Your Bresenham Algorithm looks incomplete, yours will only do lines with a positive slope.  Do you not need the negative slope lines or would you like me to show you how?

----------


## Adam

I use Vista here  :smiley:

----------


## Adrenaline Junkie

I prefer Windows, but i have taken a liking to Mac OS, the only reason though is because i have had so many bad experiences with the computers i have had with windows. I have nothing wrong with windows, but i've had no problems with my Mac. I'm actually saving up so i can install vista on my mac  ::D:

----------


## wasup

> I prefer Windows, but i have taken a liking to Mac OS, the only reason though is because i have had so many bad experiences with the computers i have had with windows. I have nothing wrong with windows, but i've had no problems with my Mac. I'm actually saving up so i can install vista on my mac



Give me the money and I will show you how to install ubuntu (which can literally do everything vista can do and more, and generally works better).  That, or pirate vista.  Either one is better than BUYING and SUPPORTING windows and vista.

----------


## Adrenaline Junkie

> Give me the money and I will show you how to install ubuntu (which can literally do everything vista can do and more, and generally works better).  That, or pirate vista.  Either one is better than BUYING and SUPPORTING windows and vista.



Yeah, i've been hearing a lot of good things about Ubuntu, when i have a spare system to install it on i may give it a test run. Isn't it supposed to have some really cool graphical interface as well as great stability?

----------


## Pyrofan1

> Your Bresenham Algorithm looks incomplete, yours will only do lines with a positive slope. Do you not need the negative slope lines or would you like me to show you how?



to be honest, i've completely scratched that code (along with a lot more) for the next version

----------


## ninja9578

> Yeah, i've been hearing a lot of good things about Ubuntu, when i have a spare system to install it on i may give it a test run. Isn't it supposed to have some really cool graphical interface as well as great stability?



Linux is the most stable OS out there, it's why 90% of embedded and servers use it.  Ubuntu's look is kind of like a cross between Windows and OSX.  It used to have the Mac's cool rotating cube thing, but they took that out for a sliding set of spaces.





> to be honest, i've completely scratched that code (along with a lot more) for the next version



Oh, I was wondering why you needed a line method anyway, you never used it.

----------


## Ynot

> Linux is the most stable OS out there, it's why 90% of embedded and servers use it.  Ubuntu's look is kind of like a cross between Windows and OSX.  It used to have the Mac's cool rotating cube thing, but they took that out for a sliding set of spaces.



the cube's still there
it's just not enabled by default

----------


## ninja9578

Oh, mind telling me how to turn it on?  It's not in the effects tab.

----------


## Ynot

> Oh, mind telling me how to turn it on?  It's not in the effects tab.

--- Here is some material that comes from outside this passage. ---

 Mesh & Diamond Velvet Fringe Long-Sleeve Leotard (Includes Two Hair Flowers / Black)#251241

Ubuntu 7.10 seems to omit the compiz settings manager (I don't know why, seems a bit strange)

apt-get install compizconfig-settings-manager

After that, you'll have a new menu item in preferences - "Advanced Desktop Effects"

In here, you can tweak compiz to your hearts content

----------


## ninja9578

::thanks::   Ah, there's my old buddy.  I wonder why they took it out as default in 7.10

----------


## Ynot

> Ah, there's my old buddy.  I wonder why they took it out as default in 7.10



I think it was just an oversight

----------


## blade5x

I use Vista... as I've got a fast desktop that can run it without problems. I've been meaning to install Ubuntu on one of my hard drives for months, but never seem to get around to it. I just don't see that point right now. Hell, I even stopped using XP32. Vista x64 has actually been more stable than XP32... go figure. Haven't seen a BSOD in months, running a large overclock too.

----------


## Identity X

> Ah, there's my old buddy.  I wonder why they took it out as default in 7.10



Because it's not actually the most effective way of switching desktops... I prefer "desktop wall" (I think that's what they call it - default anyhow).

----------


## Sornaensis

Linux and Windshit XP

----------


## wasup

> Because it's not actually the most effective way of switching desktops... I prefer "desktop wall" (I think that's what they call it - default anyhow).

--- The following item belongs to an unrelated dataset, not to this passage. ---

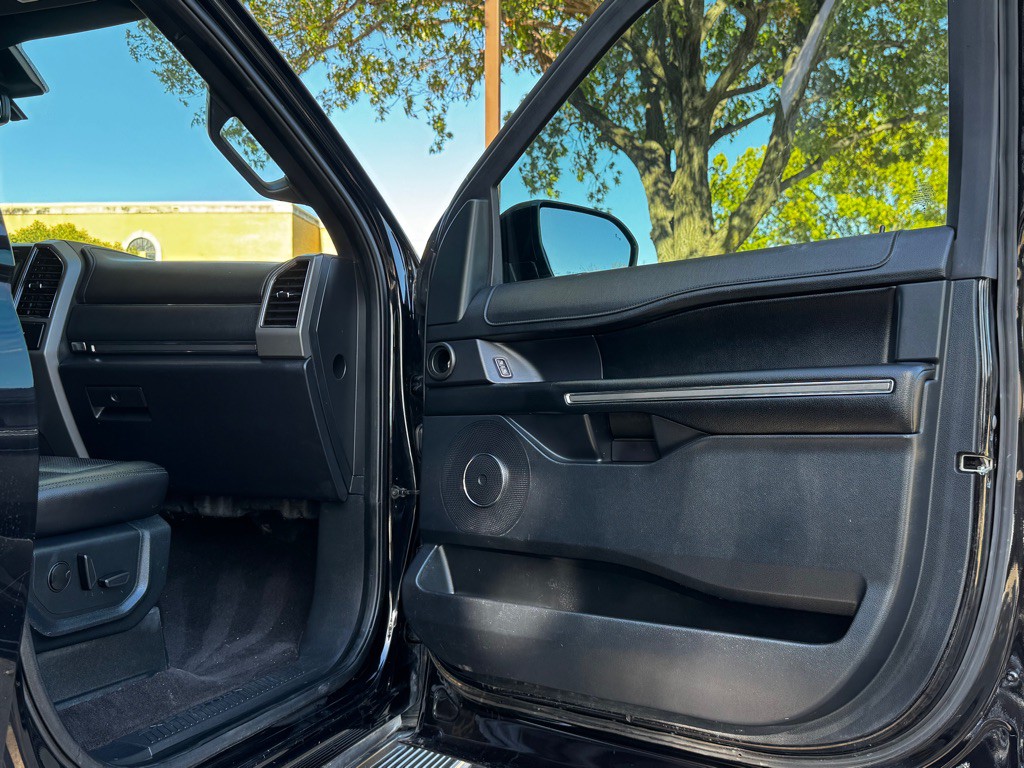 2021 Ford Expedition Image 13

Well the point is more choice... the compiz settings manager not being included is silly... it has a TON of features you can modify, and without it ubuntu seems more or less useless to me.  You can still use things like expo (the equivalent of mac spaces) or the desktop wall or the cube.  Choices are good  :smiley:

----------


## Identity X

> Well the point is more choice... the compiz settings manager not being included is silly... it has a TON of features you can modify, and without it ubuntu seems more or less useless to me.  You can still use things like expo (the equivalent of mac spaces) or the desktop wall or the cube.  Choices are good



Yes, I entirely agree. It's the secnd thing I installed on by 8.10 install (after Opera  :tongue2: )

----------


## Ynot

nearly 400 views, but only 27 votes

come on

----------


## Scatterbrain

XP for gaming(mainly WoW ::D: ), Ubuntu for everything else.

----------


## dsr

You can run WoW in Ubuntu with Wine. AppDB gave it a gold medal for compatibility.

----------


## ninja9578

Windows is going downhill for gaming, they're trying to force DirectX on developers and they don't want to do that because all the other major platforms are OpenGL only.

----------


## Scatterbrain

> You can run WoW in Ubuntu with Wine. AppDB gave it a gold medal for compatibility.

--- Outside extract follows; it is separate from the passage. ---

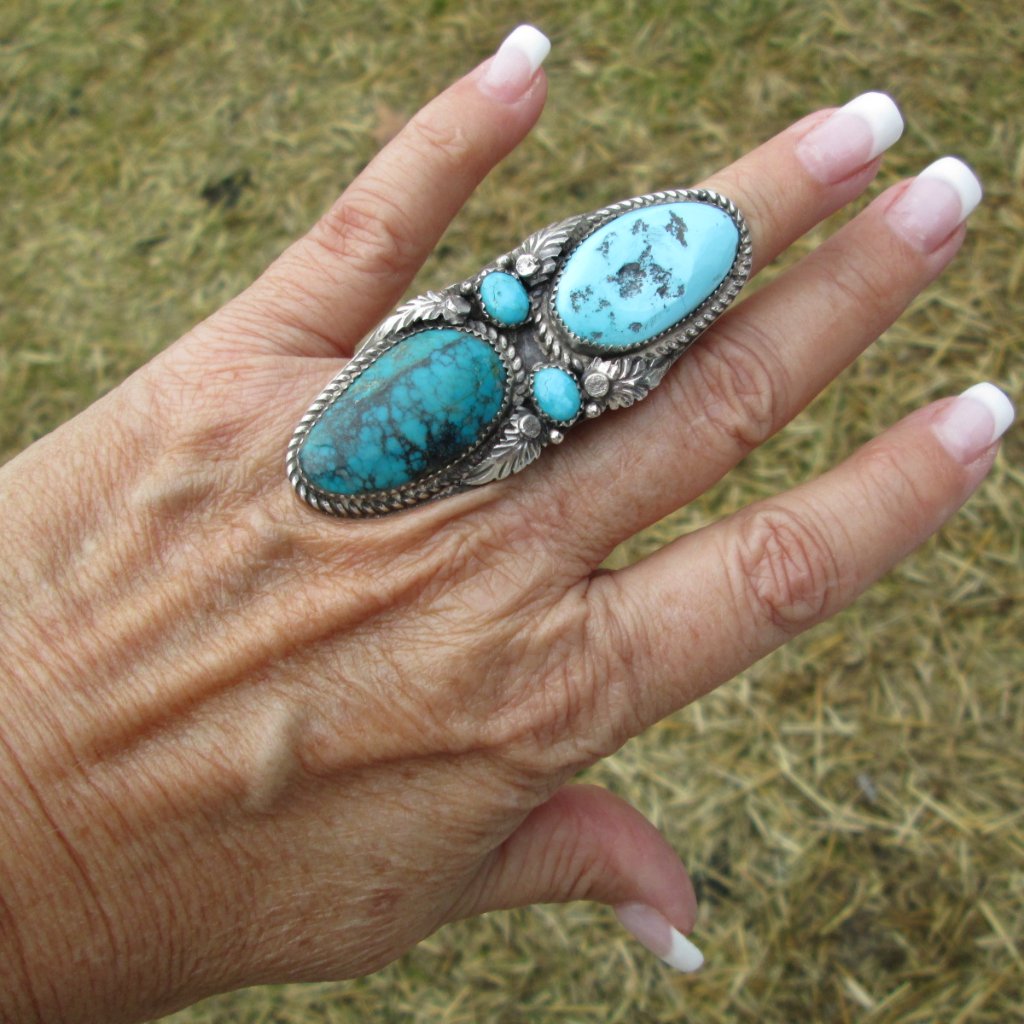 Vintage Native American Hand Tooled Sterling Genuine Turquoise Ring 1050$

I know it's possible, but it isn't perfect. I had to disable the full screen glow and the death glow, also the game would crash much too often (related to minimizing and switching to windowed mode). Ironically, with cedega it's even worse.

----------


## Ynot

Cedega's quite inferior to Wine, now
(Wine's had better compatibility since the 0.9.30's - current version is 0.9.59)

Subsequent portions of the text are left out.